XV de France Traille Marcoussi 072011
Les organismes tricolores soumis à rude épreuve | AFP - Franck Fife

Dans la joie et la bonne humeur

Publié le , modifié le

"Compliquée", "difficile", "dure", "millimétrée", "organisée"... les joueurs du XV de France ne laissent aucune ambiguïté sur la dureté de la préparation physique à la Coupe du monde. A deux mois de leur premier match face au Japon, les Français ont été à pied d’œuvre à Marcoussis avant de rejoindre ce vendredi leur premier lieu de stage à Chambon-sur-Lignon. Une préparation qui laisse présager le meilleur.

"On n'est pas là pour faire de la trottinette", lâche l'ailier Maxime Médard, qui vit depuis une semaine sa première campagne de Coupe du monde. "Je m'attendais à ce que ce soit difficile mais pas à ce point. Je n'ai jamais rien connu d'aussi dur mais c'est normal. Il faut savoir ce que l'on veut." La préparation physique est l'une des clés de la réussite en Coupe du monde car elle conditionne la suite du travail collectif. Si, en 2007, il y a eu beaucoup de musculation, peu de course et pas de rugby, le programme 2011 innove et surprend par son organisation et son contenu grâce, notamment, à des cahiers d'entraînement individuels. 

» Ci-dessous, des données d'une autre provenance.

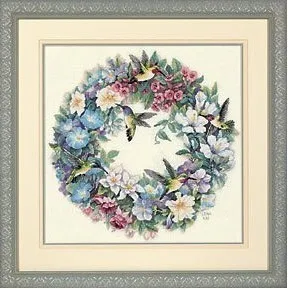 

COTTON Top Quality Lovely Cute Counted Cross Stitch Kit Hummingbird Wreath Flower Wreath dim 35132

Organisées en séquence de trois journées aux programmes différents, les séances de musculation alternent avec des séances de courses, d'assouplissement et de rugby dès 07h00 du matin. "Toutes les préparations sont différentes", souligne le troisième Imanol Harinordoquy, qui a été des Coupes du monde 2003 et 2007.  "On sait que cela va être difficile. Plus dure ? Je ne sais pas. Elle est dure comme toutes les préparations le sont. Différente et nouvelle ? Oui. On ne s'arrête jamais de travailler. Cette préparation casse nos habitudes et attise notre curiosité et notre investissement." Après sept jours, les premiers effets se font déjà sentir chez la plupart des joueurs qui avaient anticipé la charge de travail en s'infligeant avant le début du stage des préparations individuelles.

Esprit de club

L'exigence des préparateurs physiques n'est pas bénéfique qu'à titre individuel puisque le groupe a appris à se resserrer dans la douleur et la souffrance. "On sent une évolution, le corps commence à changer, nous sommes plus secs et nous tenons mieux les charges de travail", note le demi de mêlée Dimitri Yachvili. "Personne ne rechigne au travail et il y a des signes de solidarité qui ne trompent pas."

Des journées de transition interviennent après cinq demi-journées de travail. Ces activités plus ludiques sont concoctées par le staff tricolore dans le plus grand secret.  La première, "très, très appréciable" selon l'arrière Cédric Heymans, a pris la forme d'un concours de cuisine encadré par des chefs étoilés au Château de Rochefort. La deuxième, plus physique, a proposé une simulation militaire encadrée par des militaires rugbymen à l’École Interarmée du sport à Fontainebleau. Par petits groupes, les Tricolores armés de pistolets et de fusils à air comprimé avaient pour mission de libérer un otage. Ces moments vécus en commun sur le terrain et en dehors sont là pour amener un esprit de club difficile à créer dans une sélection. "C'est un peu le but de cette préparation. A la fin de celle-ci, on vivra comme un club. C'est ce qui nous permettra de travailler à un niveau supérieur", souligne Imanol Harinordoquy.

Pour le capitaine, Thierry Dusautoir, "une bonne préparation permet de se connaître dans la douleur et de se donner de bonnes bases pour pouvoir aller très loin. Si tout le monde donne le meilleur de lui-même du début jusqu'à la fin, alors nous pourrons sérieusement penser au titre de champion du monde", ajoute-t-il. Une nouvelle phase de la préparation s'ouvre vendredi avec le départ pour un stage de dix jours au Chambon-sur-Lignon, station de tourisme 'vert' en Haute-Loire. En espérant pérenniser la bonne dynamique.